We sometimes get asked by CEOs and corporate brands how and why digital advertising and internet marketing are good for established brands and small businesses alike. It seems obvious to us with all the time spent in digital space around the globe and all the major Consumer Packaged Goods brands that are putting nearly a third of their marketing budgets toward digital. But just to alleviate some of the FAQs, here are a few talking points.
Digital Ads Drive ROI
After completing over 800 studies in the past 7 years and collaborating with upwards of 300 CPG brand companies, research giant Nielsen has concluded that digital advertising achieves an average return of three to five dollars in sales for every dollar spent in digital ad space. This is after linking online ads with offline purchases. Talk about ROI! No billboard in the world can can match that.

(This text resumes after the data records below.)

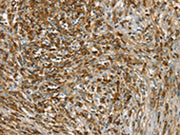 The image on the left is immunohistochemistry of paraffin-embedded Human cervical cancer tissue using CSB-PA211930(SIK1 Antibody) at dilution 1/40, on the right is treated with synthetic peptide. (Original magnification: ×200)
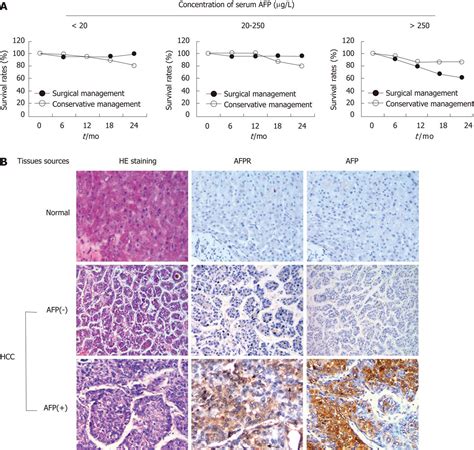 Elevated serum alpha fetoprotein levels promote pathological progression of hepatocellular carcinoma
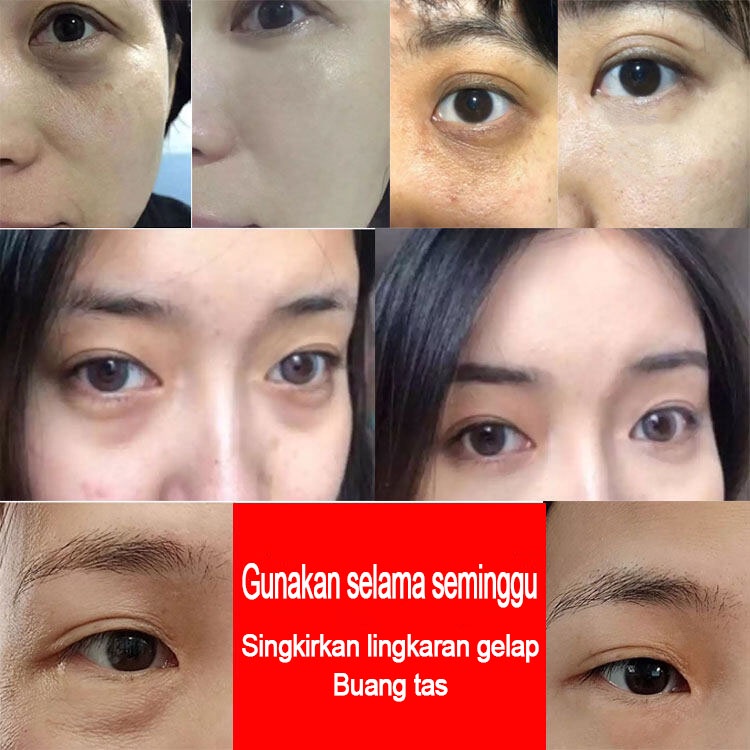 serum mata cream Kecantikan mata Krim mata panda 60g Eye cream Penghilang kantung mata Esensi pelembab Untuk Menghilangkan Kerutan Mata Dan Menyehatkan Kulit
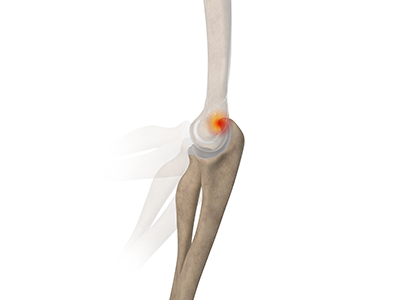 Posterior Impingement of the Elbow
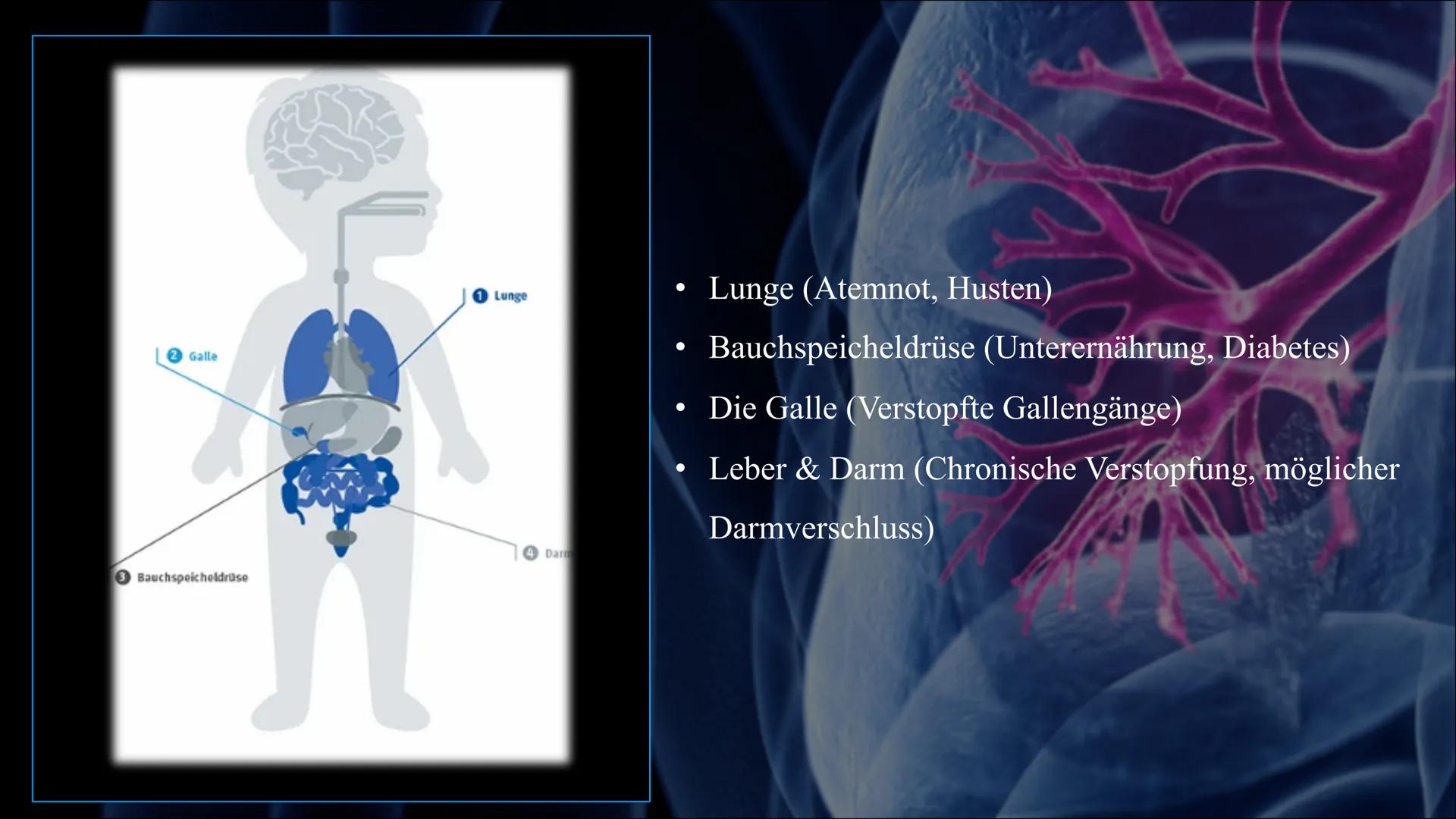 Mukoviszidose # Inhalt

• Was ist Mukoviszidose?
• Ursachen
• Genetische Vererbung
• Symptome
• Diagnoseverfahren
• Behandlungsmöglichkeiten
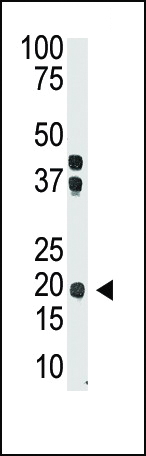 The anti-IL28 Ctr-term Pab (Cat. #AP11656PU-N) is used in Western blot to detect IL28 in mouse brain tissue lysate.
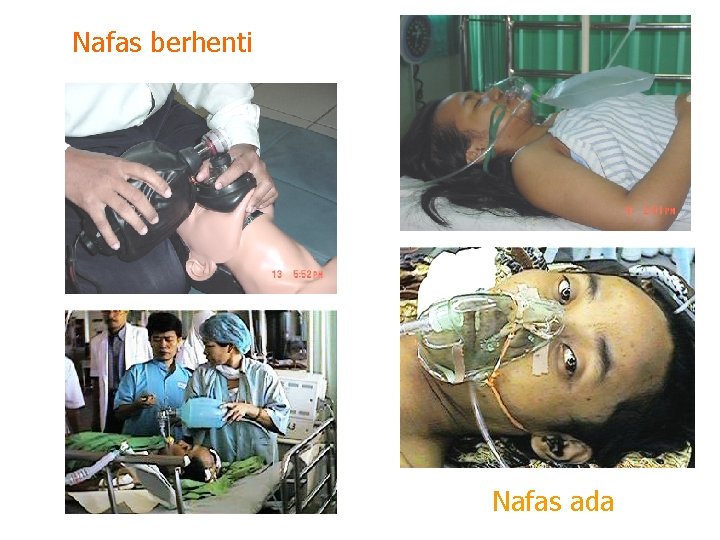 Nafas berhenti Nafas ada 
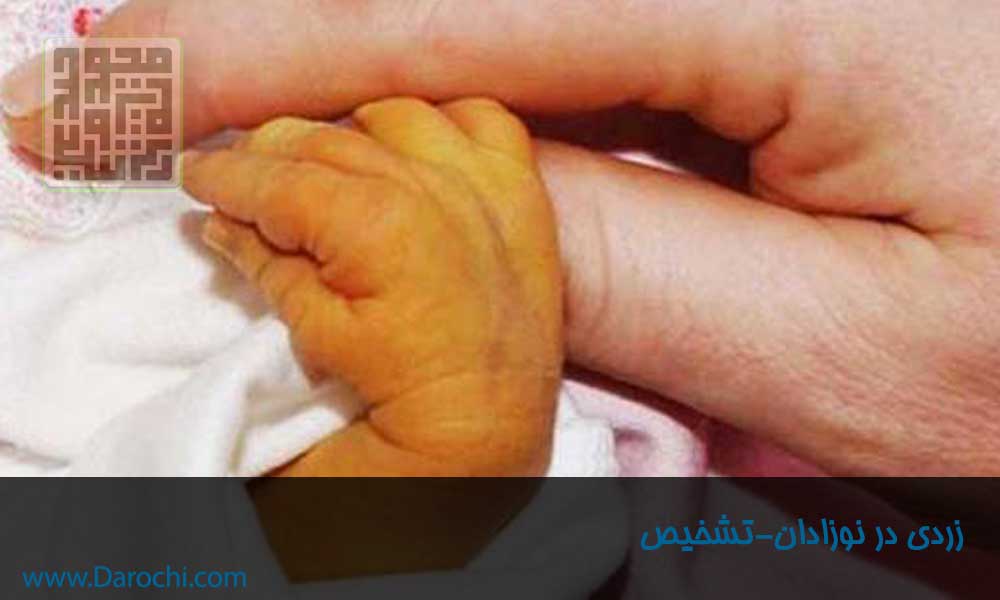 زردی در نوزادان-داروچی (7)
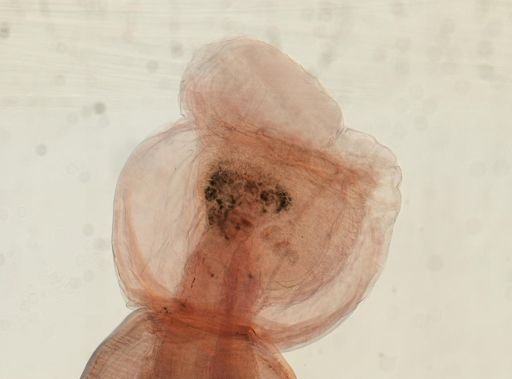 Oligacanthorhynchus microcephalus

Online Makes Offline Media Work Harder
Microsoft and BrandScience conducted a study demonstrating that not only does digital advertising have a significant ROI on its own, it actually improves the effectiveness and reach of traditional advertising media from 4% to a booming 70%! It’s just about doing digital, it’s about adding it to your existing strategy.
Digital Expands Word of Mouth
The most powerful marketing tool at our disposal is still word of mouth and the recommendations of friends. In today’s socially-saturated digital networking space, it’s plainly evident that a digital presence improves and expands on the natural drive to recommend and rate products for friends and family. With the ease of sharing available on social networks, people are 57% more likely to buy something if a friend recommended it naturally on social networks.
It’s no secret to those of us in the know that if a company wants to compete in the 21st century, a well-rounded digital marketing strategy is the price of entry. But it’s always nice with data backs us up on that claim. Thanks, research people!